Your answer must match the records word for word and contain no pictures.

[Image-text web data]

◇ ◇ ◇ ◇ ◇

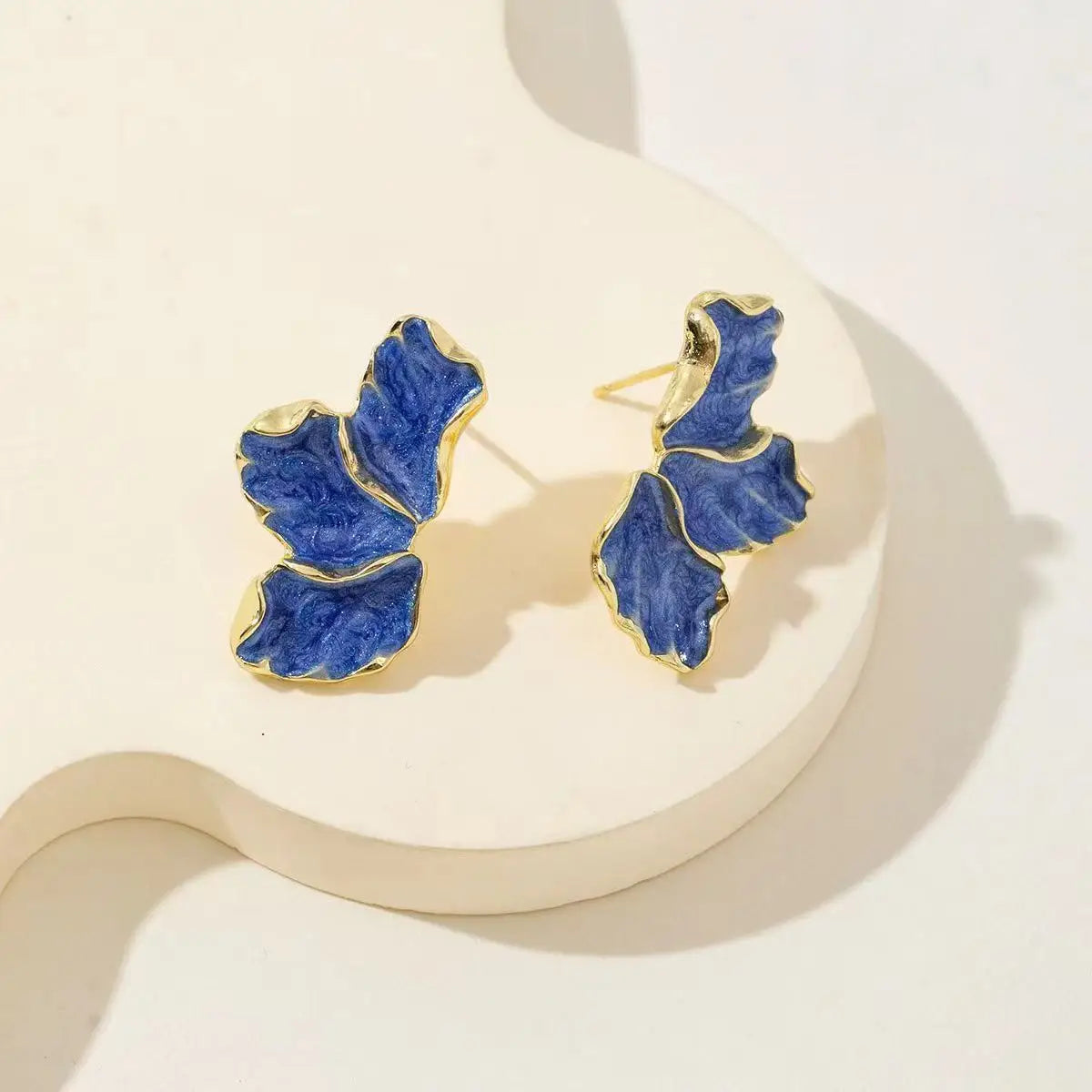 2PC Women's Fashion Forest Maple Leaf Drip Oil Flower Earrings, Sweet and Elegant, Lightweight and Luxurious Colorful Petal Earr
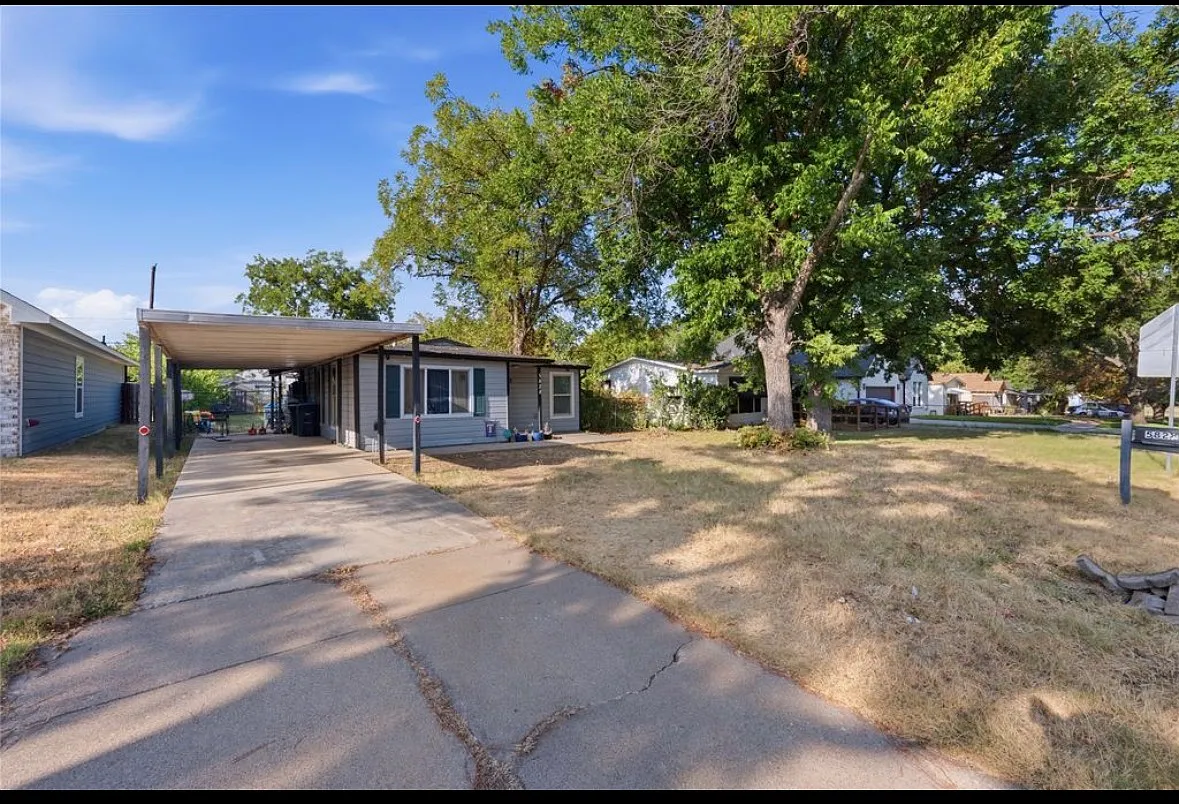 3 bed, 1096 sqft, $1,520 — Photo 3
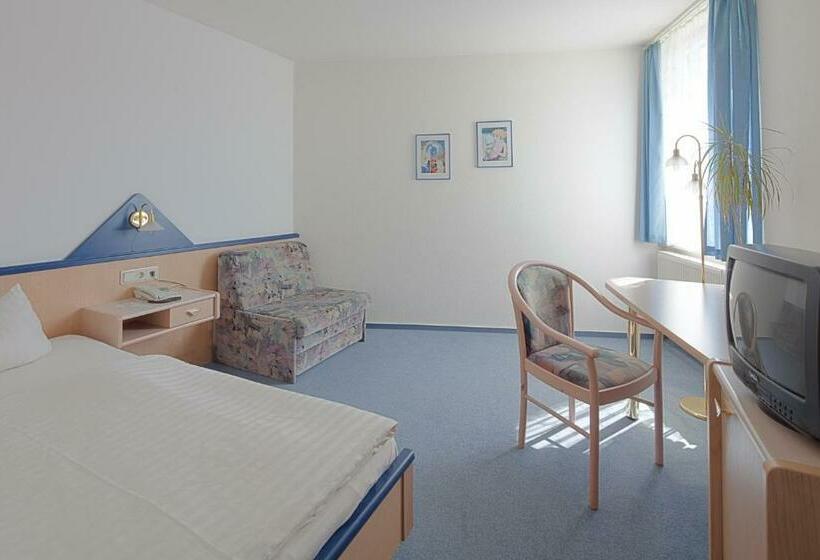 스탠다드 싱글 룸, Jahnke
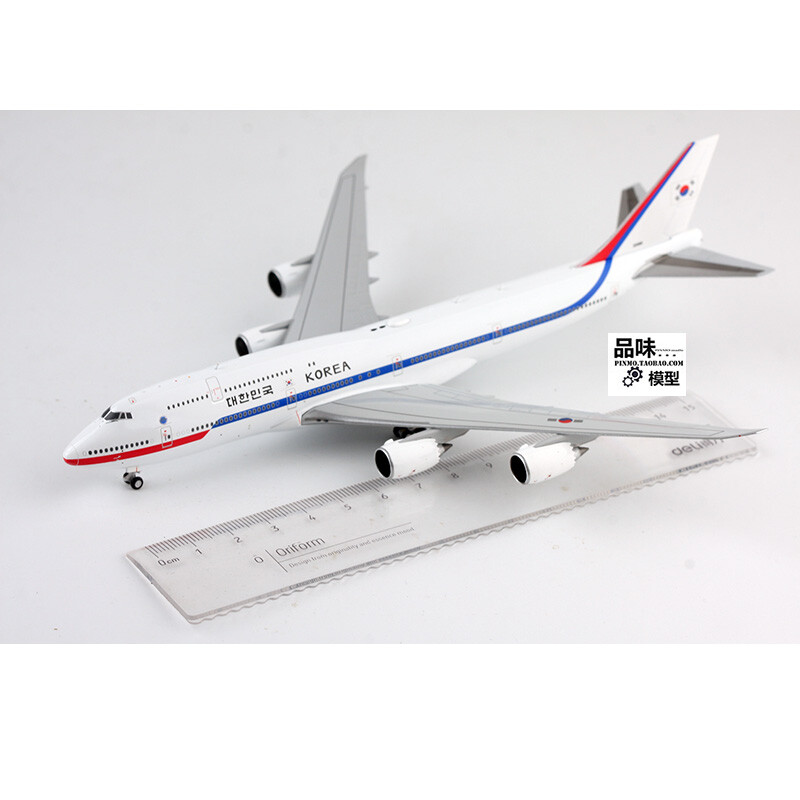 JC Wings 1/400 Korean Air Force Boeing B747-8 Presidential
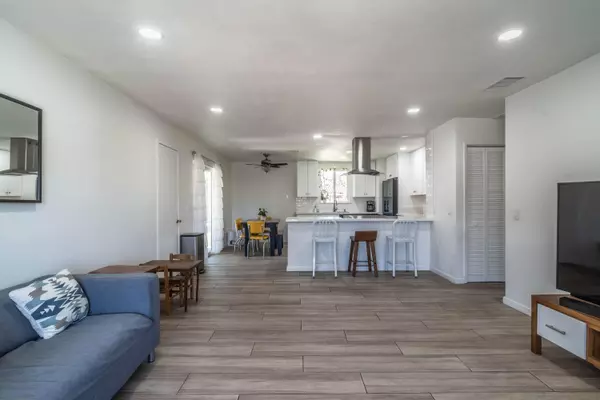 La Quinta, CA 92253,51675 Avenida Alvarado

◇ ◇ ◇ ◇ ◇

• TASK SOLUTION:
 2PC Women's Fashion Forest Maple Leaf Drip Oil Flower Earrings, Sweet and Elegant, Lightweight and Luxurious Colorful Petal Earr
 3 bed, 1096 sqft, $1,520 — Photo 3
 스탠다드 싱글 룸, Jahnke
 JC Wings 1/400 Korean Air Force Boeing B747-8 Presidential
 La Quinta, CA 92253,51675 Avenida Alvarado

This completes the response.